Practically a heatwave this morning, 25F/-3C and no frozen nose hairs! Heck, I wore my lightest down jacket for the trek to my vehicle.

137.2 Was actually ahead of schedule and looking forward to a good workout/experiment with the Garmin on the treadmill, then last minute Tom suggests we should do the Christmas card photo upload "because it will only take 5 minutes". Uh, right... Well, it is done and that is good, but my workout was shortened to just a quick 3 mile run/walk and in the rush to leave the house I forgot my HRM strap so only got to play with the cadence, not both cadence and HR. Oh well. I was pleased my step rate was high while walking fast (shortens my stride and is easier on my still grumpy hamstring), but my running cadence is not what it ought to be. And there are a couple of songs in my running playmix that need to come out of that list!
 
Ran a major chunk of the Sedona Marathon course on Sunday with Tom, 20 miles. That would not be a race to run for a PR - half pavement, half dirt, lots of hills. We parked in the middle of the course and first ran out the dirt side for 7 miles (loved the Garmin for that!) then turned and came back. As an aside, time for a half marathon that was embedded in there would have been a PR, I've never done a half outside of the tough, trail, high elevation version in Flagstaff. This course is rough jeep road too, but being 2500 feet lower helps a lot! We stopped the timers and took a break to eat and drink, then set off on the pavement side - ugh, felt terrible! Ran 3 more miles of hills then turned around and came back to the car to finish out the day with 20 miles in a time of 3:39, so averaged 11:00 min miles for the day. 3:39 is the same amount of time I took to do 17 miles along the canal on 12/5, difference is having company who pushes me (in a good way!)



Tom was coming down with a cold and was getting progressively worse as we drove home. He is sick in bed today and I have to admit to feeling a tad wimpy myself, but my legs feel amazingly good. The left portion of my left quad is sore, it cramped a little as we were finishing up on the pavement. Definitely need to do some rolling this evening.

As "proper" training for ATY, this wasn't that great in that we went faster than we would plan to do and did not stop regularly to eat and drink as we would want to do in order to go 24 hours.

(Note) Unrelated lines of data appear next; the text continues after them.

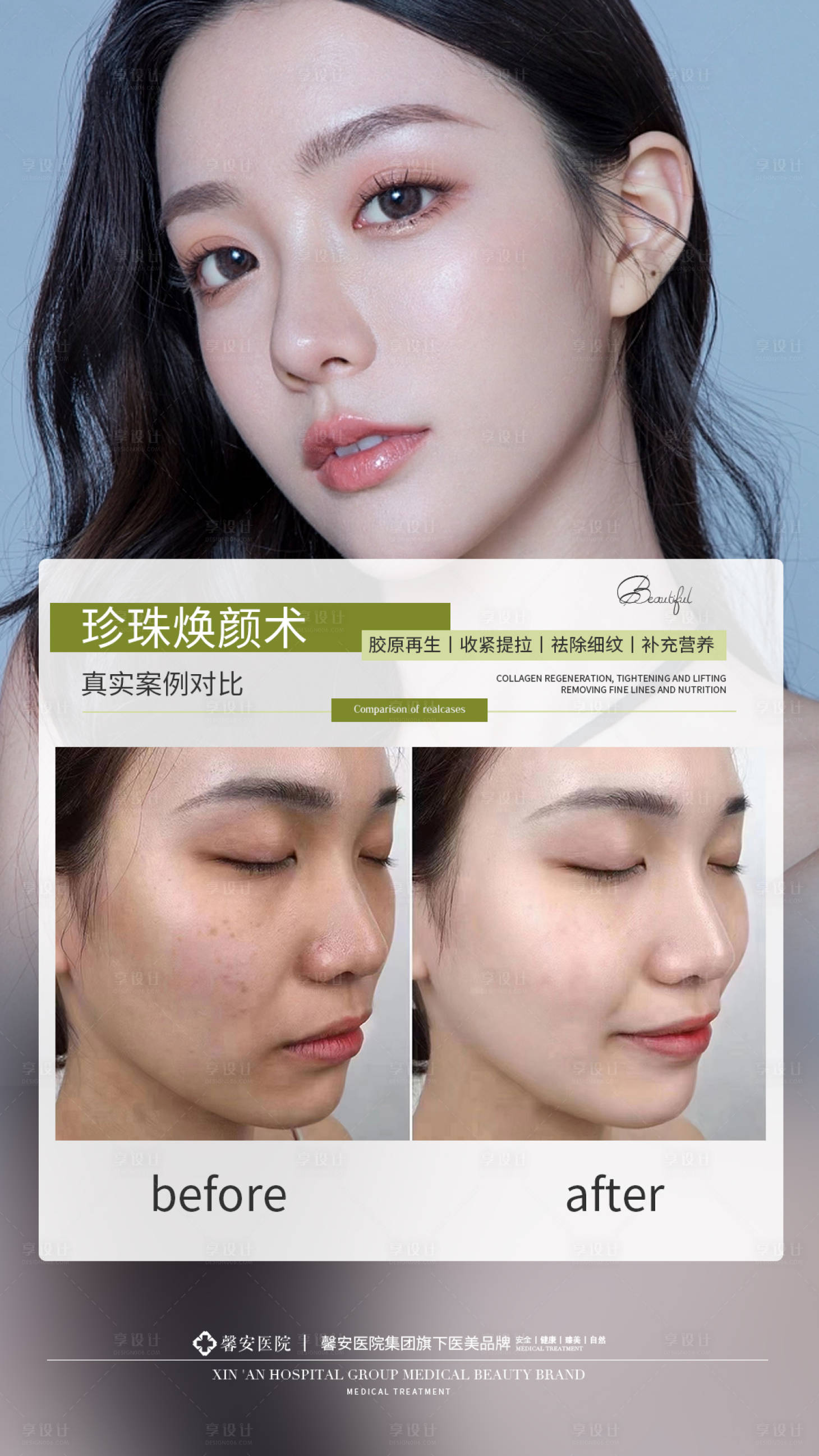 源文件下载【享设计】搜索编号：80980014812635580【医美水光针案例对比图海报】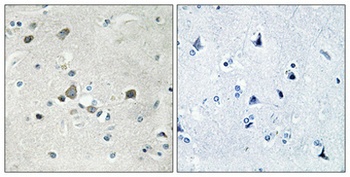 Ribosomal Protein S4Y1 antibody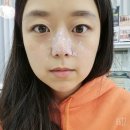 (주) 덕인메디칼 | 대구 남산역 아미뷰티 플라즈마 블라스트 체험리뷰:)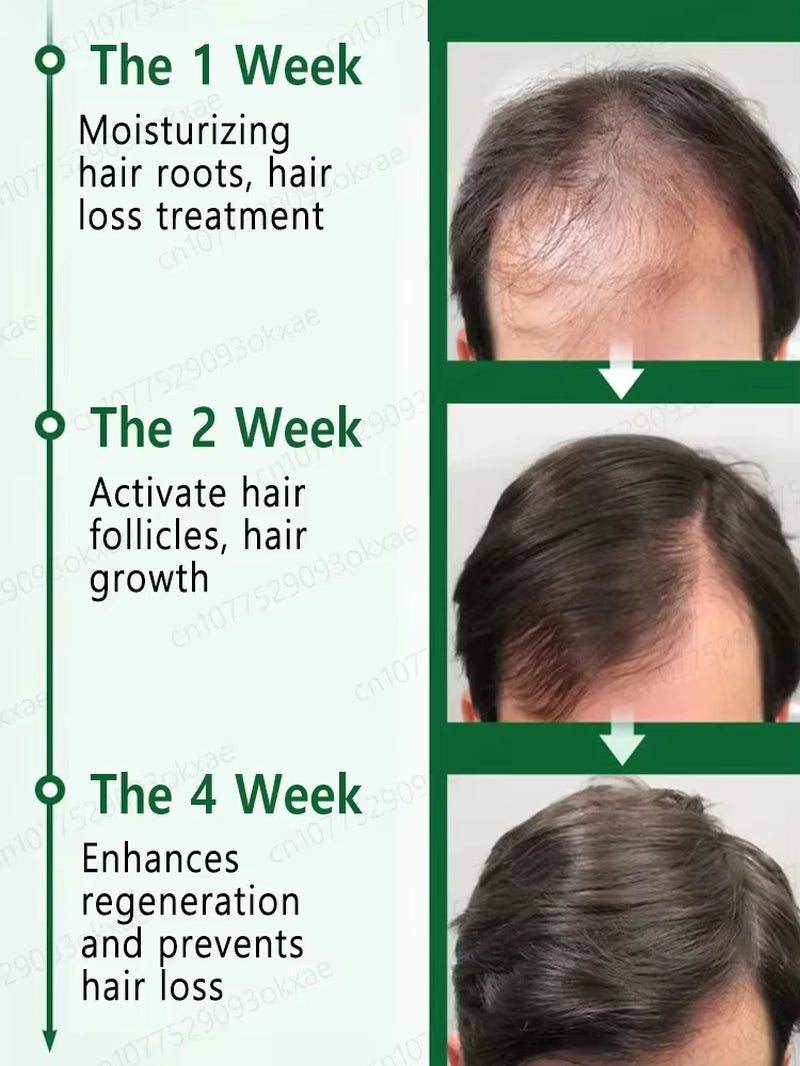 2025 Hair Growth Oil, Repair Baldness, Hairline, Rapid Hair Growth Hair Growth Oil for Men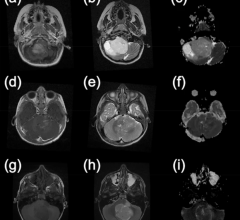 儿童脑瘤患者的MR图像。第一列显示注射钆造影剂后的t1加权图像。第二列显示t2加权图像，最后一列显示从扩散加权图像计算的表观扩散系数图。(a - c)取自一名毛细胞星形细胞瘤患者，(d-f)取自一名室管膜瘤患者，(g-i)取自一名髓母细胞瘤患者。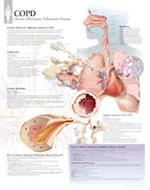 Copd Chart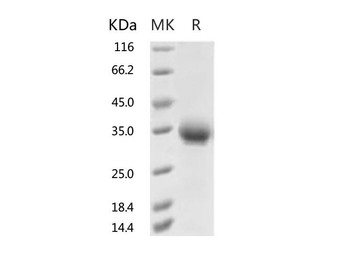 Recombinant 2019-nCoV Spike Protein RBD, His Tag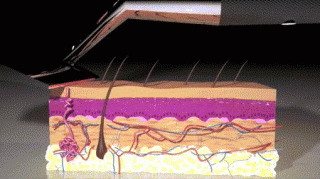 美研制新型激光剃须刀：瞬间熔化毛发不伤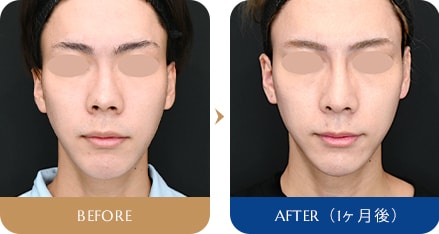 本間 重行医師 SBCプレミアムソフトプロテーゼ 、鼻尖形成3D法、鼻尖部(耳介)軟骨移植、鼻中隔延長(鼻中隔軟骨) 症例写真5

It was just hard to resist going steady on a marathon course...

Sweats on Saturday came in the form of digging out a snow drifted basement - lots of steps, lots of shoveling hard packed snow, lots of tossing said snow, so overall, a solid core, leg and upper body workout!

137.8 but no workout today as I needed rest more and so slept in.
 
Running on road and Tarmac is very different to dirt and off road. The softer knees you need to compensate for uneven ground will bring pain on road. The strike has to be lighter as you don't need to dig in for stability but avoid excessive impact. Posture is pure upright, all forward focused no lateral compensation.
I was naturally off road, but have trained roads so much now it feels natural.